**Data extract**
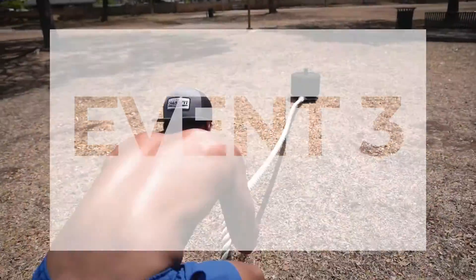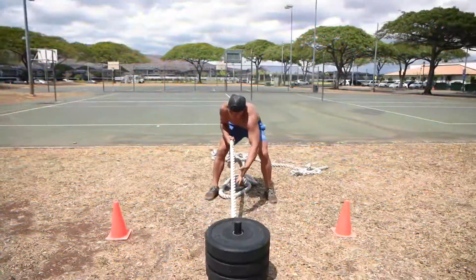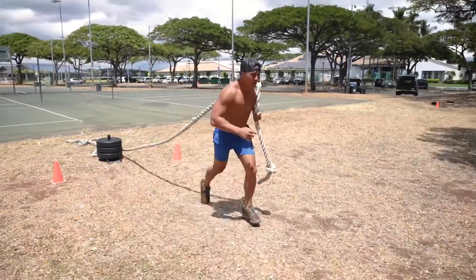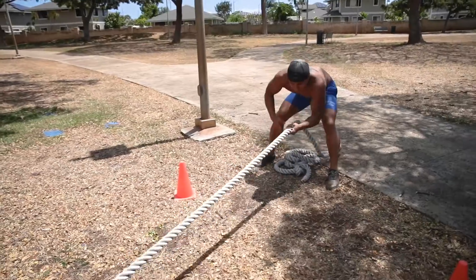Event three of the 2019 Alaka'i Super Summer Slam is a five-minute AMRAP of a weighted sled pull. Athletes will pull a loaded sled on lengths marked on the competition field. There will be marked segments that will count as one rep as the athletes pull the sled past each of these marked segments. The score for this event will be by total completed reps.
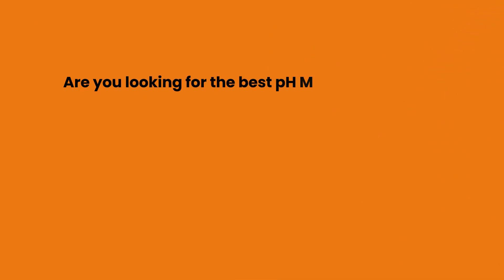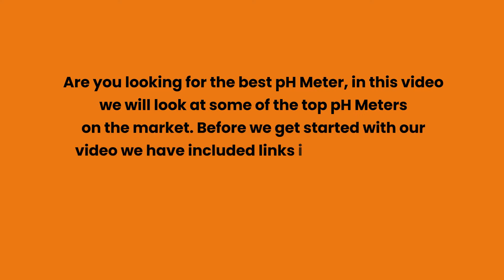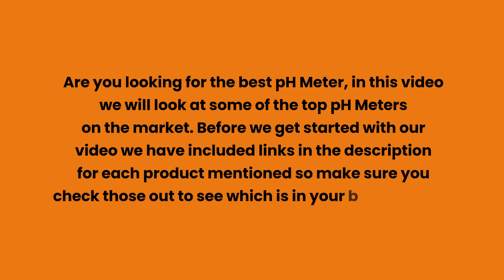Are you looking for the best pH meter? In this video we will look at some of the top pH meters on the market. Before we get started, we have included links in the description for each product mentioned, so make sure you check those out to see which is in your budget range.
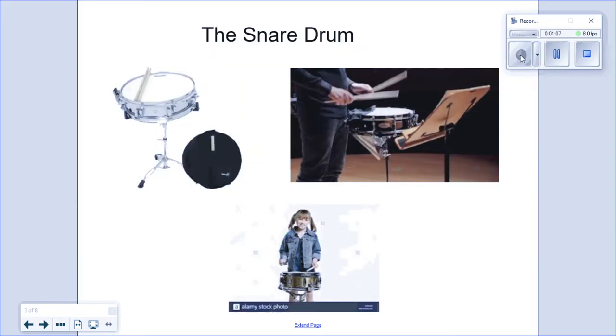Drums of several types are important members of the percussion family. In its simplest form, a drum can be described as a head or a membrane that's stretched across a container, struck by a hand, a stick, or a mallet. Smaller drums have a higher pitch, and larger drums will have a lower pitch. The snare drum has snares, or spiraled metal strands, underneath the bottom drum head — that's what gives the snare drum a raspy tone.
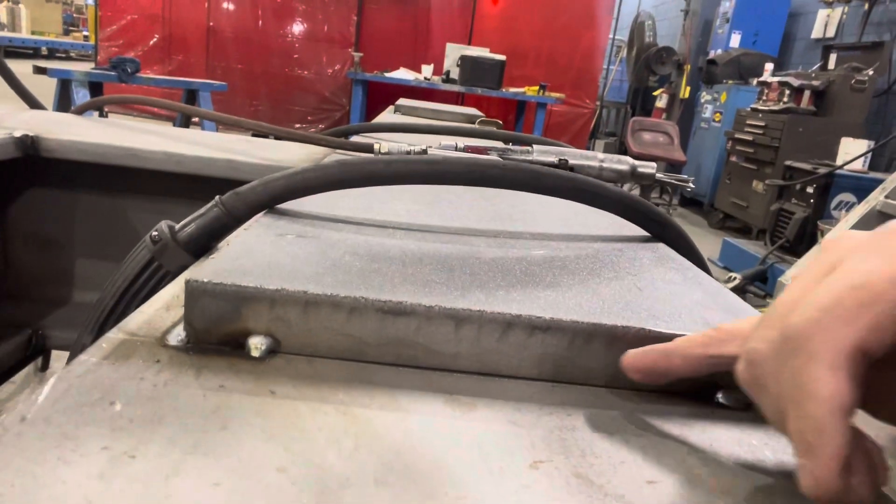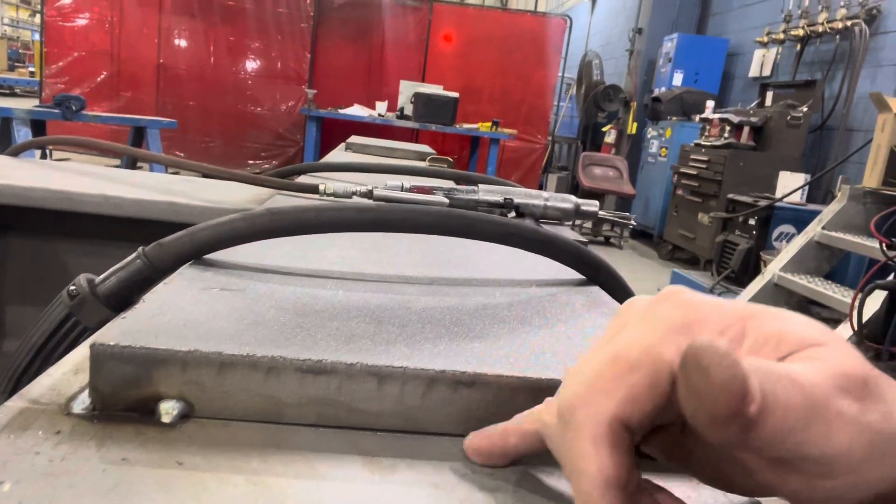So this is what we got here. You're running a root pass in here, one on bottom and one on top. We'll set the camera up here and do a little demonstration.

**Assignment**
From the line that holds "Drums of several" down to the last line of the material above, every line is to be copied exactly, both ends included; pictures are to be omitted.

**Result of this exercise**
Drums of several types are important members of the percussion family. In its simplest form, a drum can be described as a head or a membrane that's stretched across a container, struck by a hand, a stick, or a mallet. Smaller drums have a higher pitch, and larger drums will have a lower pitch. The snare drum has snares, or spiraled metal strands, underneath the bottom drum head — that's what gives the snare drum a raspy tone.
So this is what we got here. You're running a root pass in here, one on bottom and one on top. We'll set the camera up here and do a little demonstration.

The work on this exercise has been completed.